No momento da compra, foi feito um due-diligence que se focou na parte do business, finanças, marketing e até TI. Porém, nenhum teste de carga ou stress foi realizado antes do contrato ser assinado. No primeiro dia de operação sob a nova gestão, o responsável pela transição decidiu iniciar os testes com um milhão de beneficiários, pois eles já possuíam setenta e um milhões para incluir no sistema. Lembro como se fosse hoje a reação dos desenvolvedores na sala de reunião – todos se entreolharam e baixaram as cabeças, pois sabiam que era simplesmente impossível. O sistema já estava em um ponto onde qualquer alteração levava mais tempo do que o necessário pela complexidade acumulada ao longo dos anos e também não era escalável desta forma.

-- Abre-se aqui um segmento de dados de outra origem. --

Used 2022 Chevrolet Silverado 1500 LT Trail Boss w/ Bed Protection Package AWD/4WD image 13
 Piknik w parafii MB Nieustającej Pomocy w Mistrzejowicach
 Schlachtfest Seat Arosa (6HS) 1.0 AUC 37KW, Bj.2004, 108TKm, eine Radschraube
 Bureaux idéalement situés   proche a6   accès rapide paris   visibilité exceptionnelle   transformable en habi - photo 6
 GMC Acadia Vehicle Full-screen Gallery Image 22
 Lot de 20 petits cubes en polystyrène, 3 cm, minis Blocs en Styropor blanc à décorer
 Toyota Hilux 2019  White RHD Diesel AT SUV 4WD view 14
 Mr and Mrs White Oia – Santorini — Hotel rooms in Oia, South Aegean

Em resumo, após um ano sob nova gestão eu saí da empresa, pois não fazia mais sentido ser um gestor se não podia tomar as decisões que precisavam ser tomadas (apenas um louco aceitaria reescrever o sistema do zero). A empresa passou mais três anos se equilibrando pois, sem conseguir escalar, o negócio não era tão rentável assim e, quatro anos mais tarde, a multinacional decidiu vendê-la. Claro que existem questões políticas na escolha e a multinacional poderia ter reescrito o sistema se assim o quisesse, teria sido mais rápido do que não fazê-lo, mas veja o tamanho do estrago causado! A cultura de meter o pé na porta para resolver os problemas de forma rápida causou um acúmulo tamanho que o sistema ficou travado, pouco pode ser feito à partir disso. Não tive acesso aos números mas estou certo de que essa brincadeira custou uns bons milhões e bastante tempo, além de arranhar o nome da companhia e abrir o mercado para concorrentes.

Entre as lições que aprendi por lá, a maior foi questionar se os requisitos de negócio estão claros o suficiente para se optar pelo design a ser seguido e pelo trade-off que custará. Lembre-se sempre que as decisões que tomamos ao escrever um software envolvem muito mais do que apenas “manter um emprego”.